CITY SET FOR LAND GRAB WAR


by Thulani Magazi and Elliott Sylvester, Cape Argus 25 March 2002

PLEASE NOTE: Readers wanting to reproduce and reference
this article should contact Cape Argus


The city of Cape Town and Khayelitsha residents are heading for a huge showdown with hundreds of residents involved in land grabs at the weekend, after evictions and water cut-offs for failure to pay arrears.

Several areas were seized: in Site B, open land between Graceland and Mandela Park, and land at the end of Mew Way, opposite the TR section informal settlement.

And thousands more threatened to invade vacant sites in the Khayelitsha area, in spite of police efforts to flatten dozens of shacks already built.

In an attempt to defuse tension, Khayelitsha ward councillors and the area’s police station commissioner, Director Rasimiti Shivuri, yesterday held two huge public meetings, one at Khaya Bazaar shopping centre and the other at the Eyethu Centre, both attended by thousands of angry residents.

Worried councillors said land grabs would threaten any forthcoming developments, but residents vowed to forge ahead with land invasions, citing moves by the council to evict them, auction their houses and cut off water supplies as the main motivating factors.

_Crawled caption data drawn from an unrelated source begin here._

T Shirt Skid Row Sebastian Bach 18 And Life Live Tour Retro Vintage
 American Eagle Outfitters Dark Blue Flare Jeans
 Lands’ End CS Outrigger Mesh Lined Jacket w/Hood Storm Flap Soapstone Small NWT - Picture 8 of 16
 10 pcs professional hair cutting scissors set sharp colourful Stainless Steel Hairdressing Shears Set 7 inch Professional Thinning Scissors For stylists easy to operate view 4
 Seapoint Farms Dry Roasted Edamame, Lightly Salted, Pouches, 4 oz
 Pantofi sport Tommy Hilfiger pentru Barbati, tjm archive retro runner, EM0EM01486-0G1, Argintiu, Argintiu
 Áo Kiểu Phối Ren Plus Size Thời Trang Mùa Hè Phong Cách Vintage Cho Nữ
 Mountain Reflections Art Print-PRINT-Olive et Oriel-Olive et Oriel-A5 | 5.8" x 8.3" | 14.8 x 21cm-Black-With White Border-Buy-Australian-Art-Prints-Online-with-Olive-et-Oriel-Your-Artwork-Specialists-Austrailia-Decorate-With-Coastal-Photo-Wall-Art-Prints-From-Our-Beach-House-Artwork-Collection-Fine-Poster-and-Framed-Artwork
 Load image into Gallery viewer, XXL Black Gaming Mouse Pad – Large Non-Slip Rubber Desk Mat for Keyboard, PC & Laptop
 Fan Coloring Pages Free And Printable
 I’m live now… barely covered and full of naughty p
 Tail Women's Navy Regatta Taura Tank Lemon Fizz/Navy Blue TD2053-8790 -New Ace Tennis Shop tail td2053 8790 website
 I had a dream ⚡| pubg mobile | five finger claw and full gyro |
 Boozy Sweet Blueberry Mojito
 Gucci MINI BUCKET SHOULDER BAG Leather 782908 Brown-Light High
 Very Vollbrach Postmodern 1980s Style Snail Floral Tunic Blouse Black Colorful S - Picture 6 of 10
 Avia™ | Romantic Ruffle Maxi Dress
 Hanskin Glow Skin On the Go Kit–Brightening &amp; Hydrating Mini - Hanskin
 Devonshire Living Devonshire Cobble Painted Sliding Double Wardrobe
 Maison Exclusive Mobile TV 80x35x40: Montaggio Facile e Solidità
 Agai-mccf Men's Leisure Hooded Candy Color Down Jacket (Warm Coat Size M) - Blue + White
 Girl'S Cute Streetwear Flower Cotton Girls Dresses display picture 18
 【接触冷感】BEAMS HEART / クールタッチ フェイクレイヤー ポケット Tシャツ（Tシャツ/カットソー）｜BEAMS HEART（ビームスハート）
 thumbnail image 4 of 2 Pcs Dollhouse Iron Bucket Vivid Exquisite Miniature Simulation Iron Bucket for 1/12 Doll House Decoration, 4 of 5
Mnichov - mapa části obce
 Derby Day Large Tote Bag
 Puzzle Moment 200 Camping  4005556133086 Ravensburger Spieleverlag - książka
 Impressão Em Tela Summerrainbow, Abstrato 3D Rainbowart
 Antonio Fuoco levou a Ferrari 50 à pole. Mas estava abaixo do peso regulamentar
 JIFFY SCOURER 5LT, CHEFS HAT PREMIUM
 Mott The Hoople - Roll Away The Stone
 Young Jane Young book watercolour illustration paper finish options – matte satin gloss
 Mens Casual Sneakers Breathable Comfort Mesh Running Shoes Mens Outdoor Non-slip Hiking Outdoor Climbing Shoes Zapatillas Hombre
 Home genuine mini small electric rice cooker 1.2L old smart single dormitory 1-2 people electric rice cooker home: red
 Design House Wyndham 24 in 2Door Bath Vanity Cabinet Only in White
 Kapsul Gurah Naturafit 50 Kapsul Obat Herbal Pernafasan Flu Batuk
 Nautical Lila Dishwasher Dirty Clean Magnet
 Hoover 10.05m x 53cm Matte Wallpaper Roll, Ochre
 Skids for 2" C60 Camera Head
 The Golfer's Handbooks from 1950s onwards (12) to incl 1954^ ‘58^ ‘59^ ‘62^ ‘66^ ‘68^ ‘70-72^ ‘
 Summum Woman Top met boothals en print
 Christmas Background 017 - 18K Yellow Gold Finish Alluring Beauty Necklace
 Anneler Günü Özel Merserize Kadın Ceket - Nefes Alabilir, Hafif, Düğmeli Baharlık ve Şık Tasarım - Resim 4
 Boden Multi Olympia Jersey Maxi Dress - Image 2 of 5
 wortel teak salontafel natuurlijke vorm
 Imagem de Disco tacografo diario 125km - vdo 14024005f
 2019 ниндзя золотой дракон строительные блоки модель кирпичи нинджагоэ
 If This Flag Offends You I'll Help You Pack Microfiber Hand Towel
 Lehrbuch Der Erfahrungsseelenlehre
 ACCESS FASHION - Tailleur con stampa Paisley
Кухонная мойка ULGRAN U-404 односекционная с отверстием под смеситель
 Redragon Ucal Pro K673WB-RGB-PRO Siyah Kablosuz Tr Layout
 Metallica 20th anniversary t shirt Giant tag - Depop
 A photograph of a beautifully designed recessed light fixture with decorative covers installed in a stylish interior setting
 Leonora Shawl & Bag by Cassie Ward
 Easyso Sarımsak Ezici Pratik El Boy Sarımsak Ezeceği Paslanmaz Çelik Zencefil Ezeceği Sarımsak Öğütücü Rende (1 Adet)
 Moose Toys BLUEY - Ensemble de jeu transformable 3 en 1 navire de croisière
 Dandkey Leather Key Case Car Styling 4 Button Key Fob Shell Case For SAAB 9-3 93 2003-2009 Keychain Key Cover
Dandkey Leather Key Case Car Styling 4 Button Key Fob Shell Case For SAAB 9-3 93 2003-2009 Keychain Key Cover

Some angry residents claimed that they had been without water for more than two weeks and others complained that the council was auctioning off their homes.

The council’s interim manager for revenue and debt management, George van Schalkwyk, said Khayelitsha residents owed R231 million in arrears, a figure which had been building up since 1998.

On Friday the city council sold several houses in execution after its first attempt to auction five homes failed on Wednesday, when no one turned up to bid.

By late yesterday the situation in Khayelit­sha was tense. As the meetings went on, more than 100.residents continued marking sites on open ground near the end of Mew Way Road, opposite the TR section informal settlement.

Nombulelo Dyasi, 33, said she was a backyard tenant who paid R250 to the owner every month for services and rent, but she was faced with eviction and her water supply had been cut.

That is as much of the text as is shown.